Based on the file extensions, requests can be partitioned into at least six broad categories: text, images, audio, video, scientific data, and other. Within these divisions, we have classified text files as those with extensions such as html, txt, ps, doc, and tex. Graphics file extensions include gif, jpg, and rgb as well as other formats. Audio file extensions include au, aiff, and aifc. Video file extensions include mpeg, mov (QuickTime), and others. The scientific file category includes hdf, the NCSA Hierarchical Data Format (HDF). Finally, any remaining requests are placed in the "other" category.

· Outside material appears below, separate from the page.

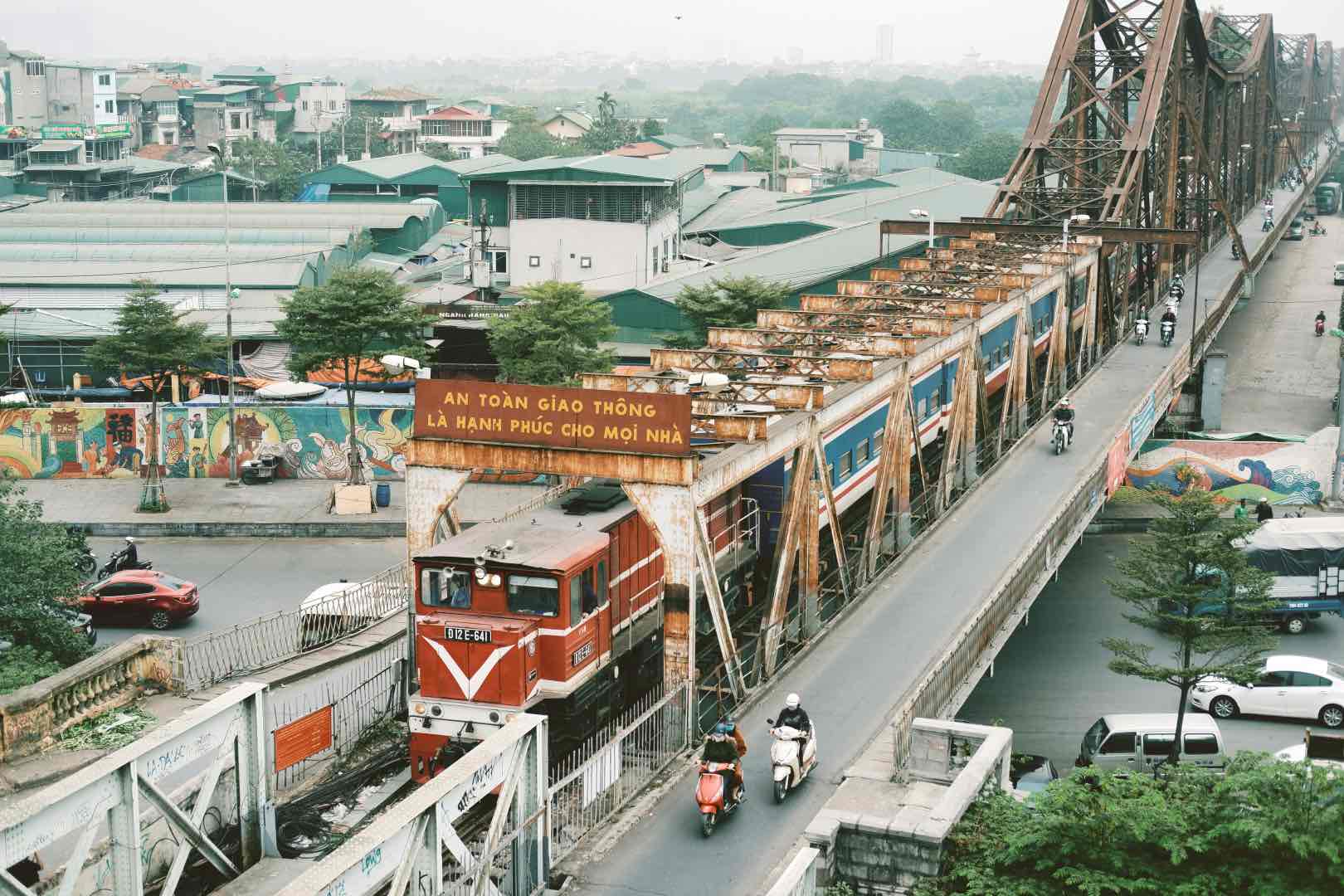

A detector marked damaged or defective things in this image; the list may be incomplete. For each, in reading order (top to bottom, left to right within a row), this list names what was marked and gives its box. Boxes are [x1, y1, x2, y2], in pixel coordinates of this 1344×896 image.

The IP addresses provide additional information. By converting an IP address to a domain name, one can determine the components of the domain name and, often, the location of the requester. In the United States, common domain name extensions include education (edu), commercial (com), government (gov), and other (us). Outside the United States, countries typically use the ISO 3166 (1993) two letter country codes, or the network (net) extension. By exploiting these two letter country codes, one can identify the request's country of origin. As we shall see, IP addresses and domain names are the starting point for finer geographic distinctions, including mapping requests to specific latitude and longitude.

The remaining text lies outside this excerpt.